Make a list of any significant problems also the items that have been replaced or rectified and weigh one against the other. The majority of buildings have problems to varying degrees, also take age and price into consideration when making your decision
- If major problems are found that are likely to cost more than you have budgeted for, then you must consult an expert in that particular field for a quote (preferably written on their letter head) with guarantees. Obtain at least 3 quotes for a reasonable comparison. It is then up to you armed with quotes to determine if the property is still worth what you are paying for it.
- Never request a seller to rectify problems that have been identified in the report.

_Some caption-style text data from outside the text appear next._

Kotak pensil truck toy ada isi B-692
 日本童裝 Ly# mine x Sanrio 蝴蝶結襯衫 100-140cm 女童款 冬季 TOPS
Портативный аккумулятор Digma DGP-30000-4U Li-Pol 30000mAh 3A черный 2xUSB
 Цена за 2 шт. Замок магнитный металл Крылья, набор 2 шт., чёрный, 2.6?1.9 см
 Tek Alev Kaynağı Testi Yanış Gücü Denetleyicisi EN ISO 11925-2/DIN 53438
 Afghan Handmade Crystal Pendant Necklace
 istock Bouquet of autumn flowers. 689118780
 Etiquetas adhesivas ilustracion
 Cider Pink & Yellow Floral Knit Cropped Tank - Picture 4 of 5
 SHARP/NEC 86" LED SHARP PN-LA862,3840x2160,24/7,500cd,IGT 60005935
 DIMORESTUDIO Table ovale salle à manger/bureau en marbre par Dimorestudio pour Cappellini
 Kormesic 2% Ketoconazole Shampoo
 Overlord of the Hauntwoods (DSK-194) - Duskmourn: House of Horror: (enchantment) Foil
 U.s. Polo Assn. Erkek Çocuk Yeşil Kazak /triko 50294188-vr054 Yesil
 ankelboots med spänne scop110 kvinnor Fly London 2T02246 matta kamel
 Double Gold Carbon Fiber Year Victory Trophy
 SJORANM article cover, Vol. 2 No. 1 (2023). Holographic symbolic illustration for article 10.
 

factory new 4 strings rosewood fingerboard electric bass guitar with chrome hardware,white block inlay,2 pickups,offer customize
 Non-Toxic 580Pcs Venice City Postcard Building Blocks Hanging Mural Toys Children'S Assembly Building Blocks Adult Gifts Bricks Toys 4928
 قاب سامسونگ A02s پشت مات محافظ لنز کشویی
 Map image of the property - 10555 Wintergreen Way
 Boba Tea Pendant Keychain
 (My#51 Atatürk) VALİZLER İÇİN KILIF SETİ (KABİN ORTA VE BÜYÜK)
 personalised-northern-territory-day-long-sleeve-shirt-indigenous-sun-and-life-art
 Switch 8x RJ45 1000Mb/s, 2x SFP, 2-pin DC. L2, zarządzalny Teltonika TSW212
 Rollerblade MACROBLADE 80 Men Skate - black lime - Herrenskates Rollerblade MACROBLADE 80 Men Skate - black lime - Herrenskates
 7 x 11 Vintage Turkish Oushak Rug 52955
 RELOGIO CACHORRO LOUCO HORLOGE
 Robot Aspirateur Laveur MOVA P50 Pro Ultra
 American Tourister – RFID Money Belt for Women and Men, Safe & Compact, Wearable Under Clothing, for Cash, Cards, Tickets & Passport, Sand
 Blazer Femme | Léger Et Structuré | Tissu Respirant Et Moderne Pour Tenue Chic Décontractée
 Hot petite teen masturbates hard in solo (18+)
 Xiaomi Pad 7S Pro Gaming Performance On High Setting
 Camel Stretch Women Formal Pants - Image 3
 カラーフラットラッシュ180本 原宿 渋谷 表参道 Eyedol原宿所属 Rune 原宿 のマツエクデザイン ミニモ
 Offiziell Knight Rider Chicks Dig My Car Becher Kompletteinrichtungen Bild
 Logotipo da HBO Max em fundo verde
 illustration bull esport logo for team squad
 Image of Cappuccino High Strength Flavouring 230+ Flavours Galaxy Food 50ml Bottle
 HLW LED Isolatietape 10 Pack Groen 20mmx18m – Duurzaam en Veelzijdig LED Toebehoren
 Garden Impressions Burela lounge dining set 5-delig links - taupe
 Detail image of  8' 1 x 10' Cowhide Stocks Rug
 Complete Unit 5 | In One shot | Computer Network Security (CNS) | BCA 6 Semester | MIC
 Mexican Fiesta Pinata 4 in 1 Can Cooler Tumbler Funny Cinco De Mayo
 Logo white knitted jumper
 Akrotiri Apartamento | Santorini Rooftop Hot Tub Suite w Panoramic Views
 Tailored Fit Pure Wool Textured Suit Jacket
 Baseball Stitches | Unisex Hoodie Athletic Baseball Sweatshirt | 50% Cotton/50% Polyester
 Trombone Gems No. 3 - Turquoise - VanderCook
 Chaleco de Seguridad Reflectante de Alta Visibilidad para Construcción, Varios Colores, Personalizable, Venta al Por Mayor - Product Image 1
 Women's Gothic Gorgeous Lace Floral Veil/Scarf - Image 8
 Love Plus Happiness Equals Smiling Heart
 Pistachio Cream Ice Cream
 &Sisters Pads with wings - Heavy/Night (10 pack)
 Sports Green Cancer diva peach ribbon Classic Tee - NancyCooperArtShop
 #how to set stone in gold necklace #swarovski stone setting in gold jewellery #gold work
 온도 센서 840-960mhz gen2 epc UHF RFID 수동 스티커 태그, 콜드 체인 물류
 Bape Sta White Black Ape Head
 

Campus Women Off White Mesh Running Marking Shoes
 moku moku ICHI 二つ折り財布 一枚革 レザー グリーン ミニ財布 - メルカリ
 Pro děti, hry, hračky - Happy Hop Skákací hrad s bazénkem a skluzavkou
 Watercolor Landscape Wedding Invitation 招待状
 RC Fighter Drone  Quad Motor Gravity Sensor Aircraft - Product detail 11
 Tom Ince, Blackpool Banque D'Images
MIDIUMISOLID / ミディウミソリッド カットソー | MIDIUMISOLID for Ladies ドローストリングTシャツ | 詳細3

Also do not fall into the convenient trap of asking the Agent or seller for a recommendation of someone to give a quote or guesstimate on fixing problems. They both have an interest in a sale and are very unlikely to have it rectified to a long term acceptable standard to you. You will only find out after you have moved in that the fault has not been properly fixed, then it is too late and becomes your problem, at your expense!
- All is not lost if major problems have been identified in the report. The severity of the problem must first be determined, the inspector should, with their experience be able to help with this. Sometimes a problem may in your view be a major problem, when in reality it is not and in some cases can be easily rectified without a great deal of expense. When in any doubt, contact your inspector.
The perfect house to suit everyone has not been built, yet!